-- What the task asks --
Start with the line that holds "Hoofdafbeelding Nissan 370Z". Please copy it and each remaining line below exactly, leaving pictures out.
### Task inputs
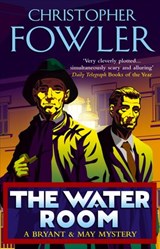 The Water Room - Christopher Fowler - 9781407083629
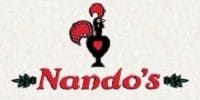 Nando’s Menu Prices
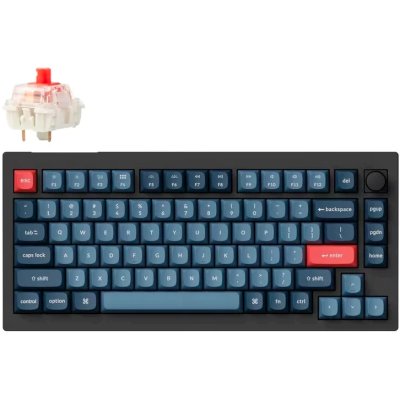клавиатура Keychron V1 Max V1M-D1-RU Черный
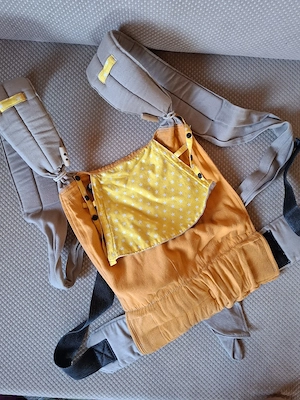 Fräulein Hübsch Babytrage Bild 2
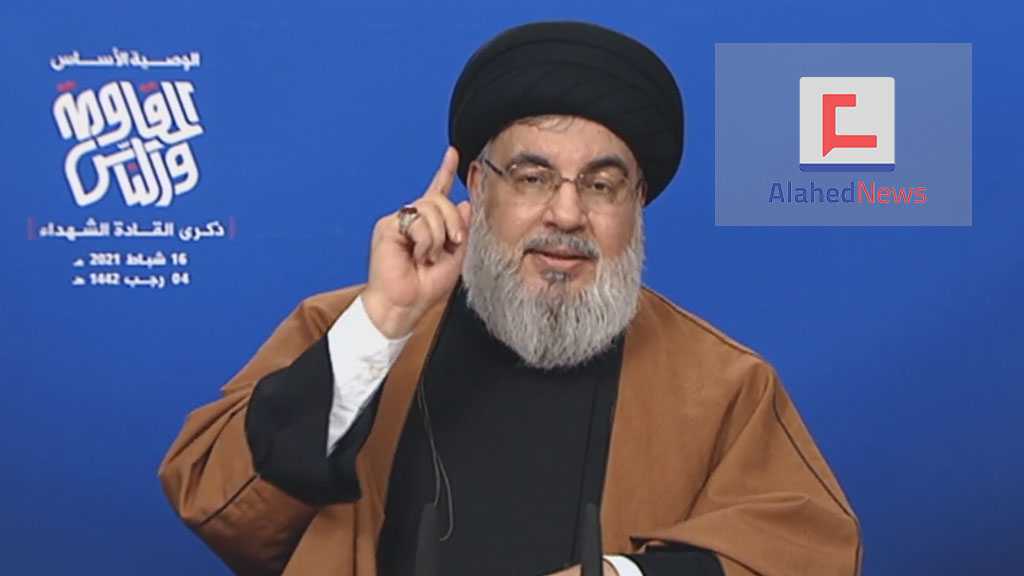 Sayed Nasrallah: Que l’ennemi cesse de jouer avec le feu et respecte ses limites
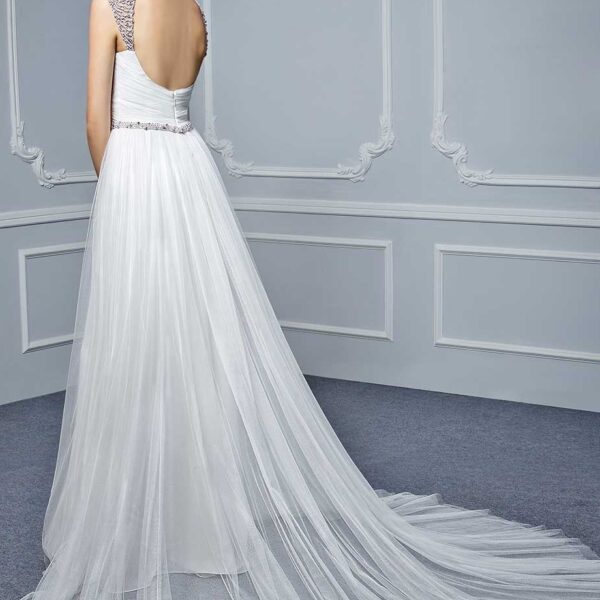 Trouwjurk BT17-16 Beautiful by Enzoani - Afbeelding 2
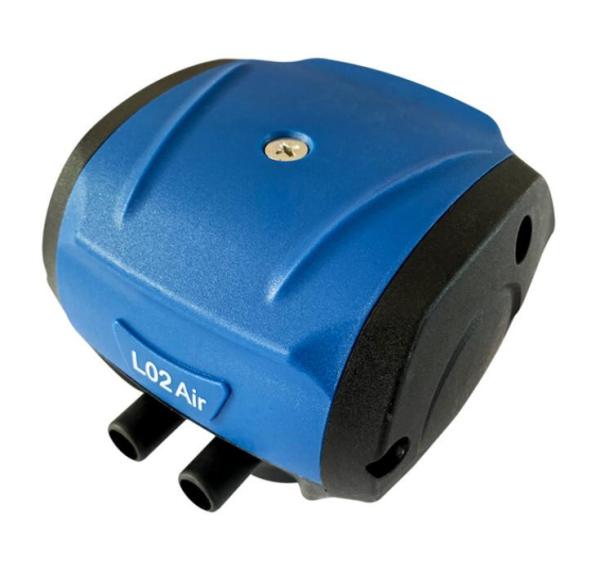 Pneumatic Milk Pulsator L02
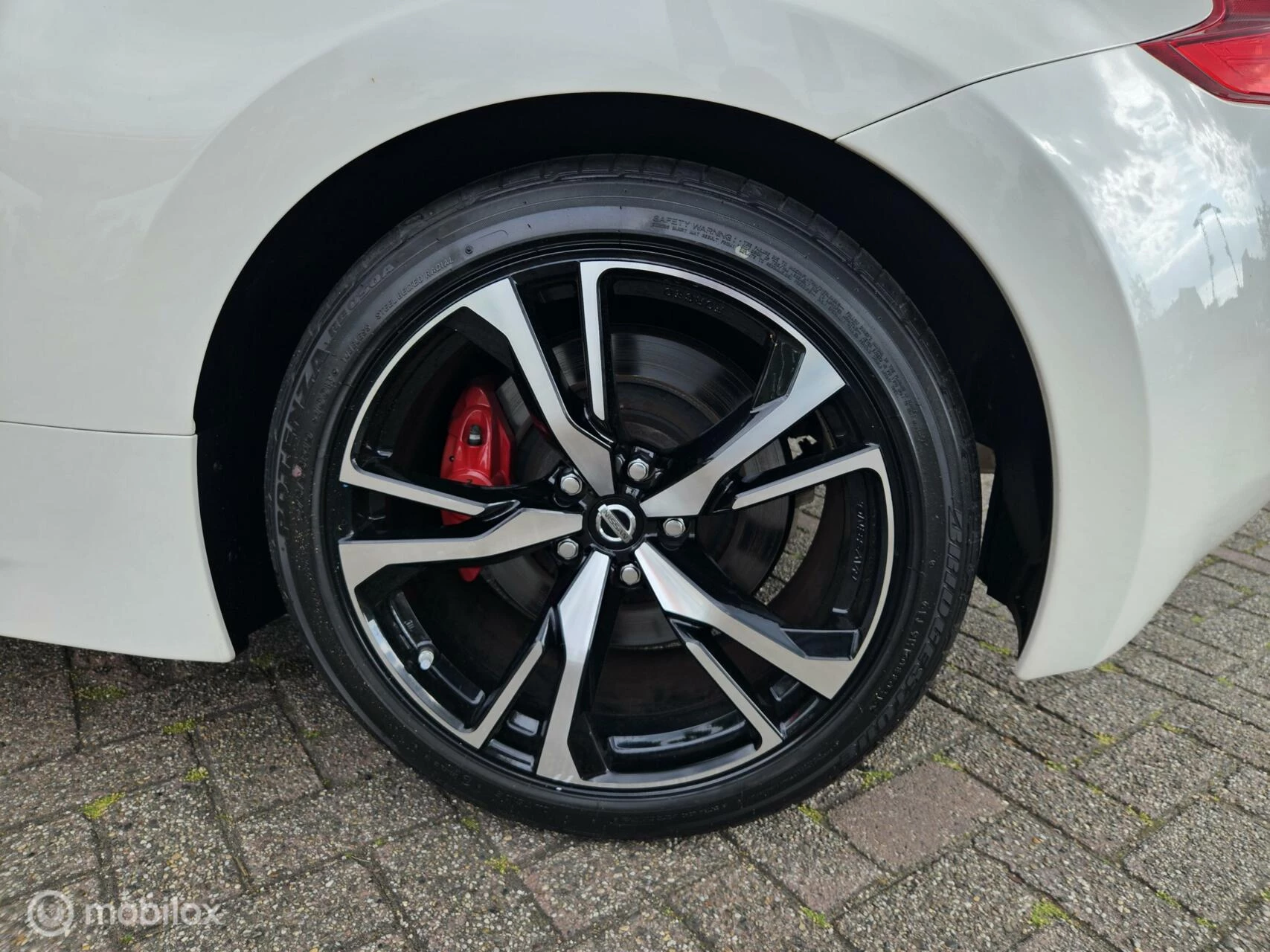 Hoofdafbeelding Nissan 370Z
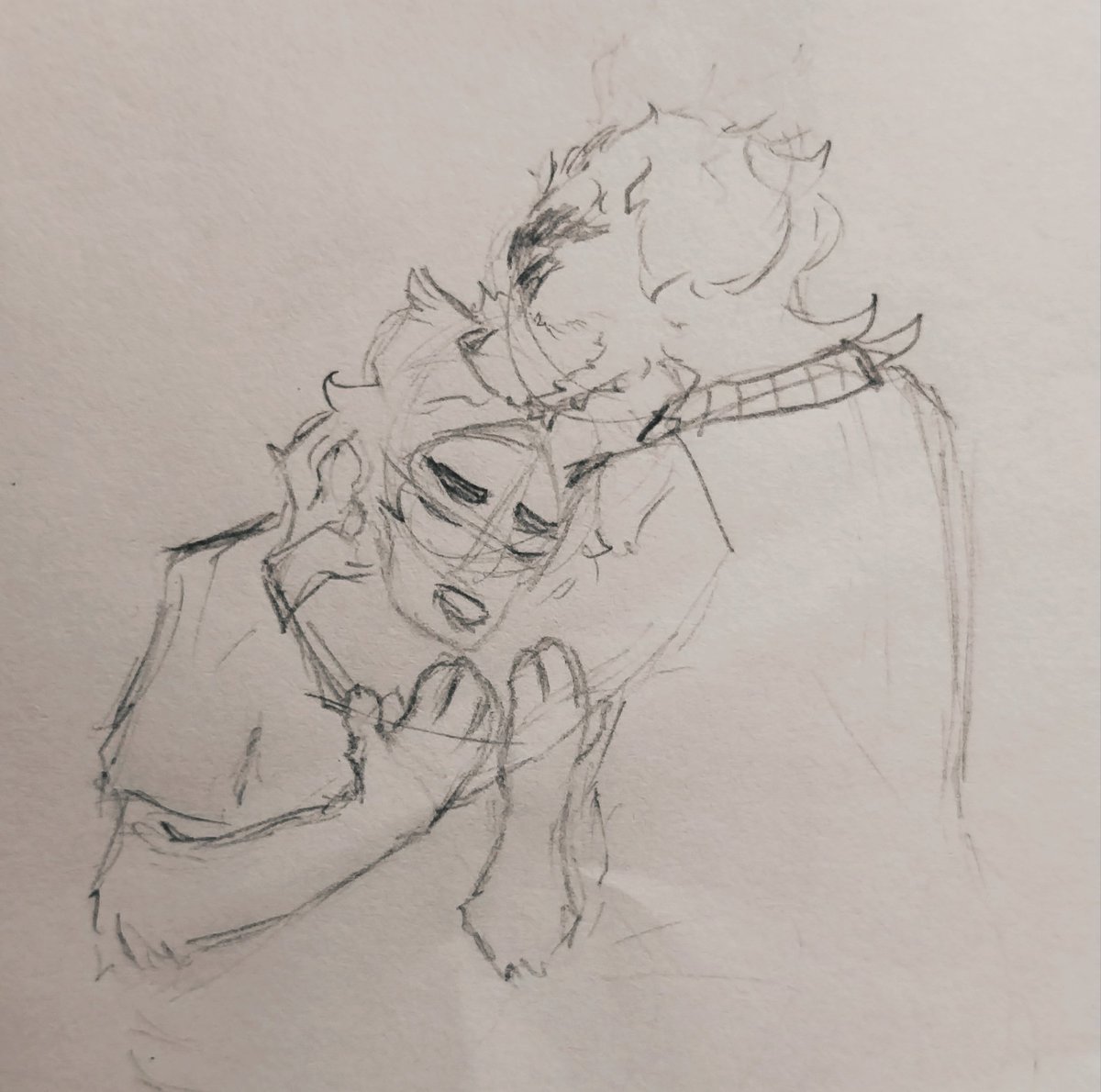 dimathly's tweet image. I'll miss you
######
-- Expected answer --
 Hoofdafbeelding Nissan 370Z
 dimathly's tweet image. I'll miss you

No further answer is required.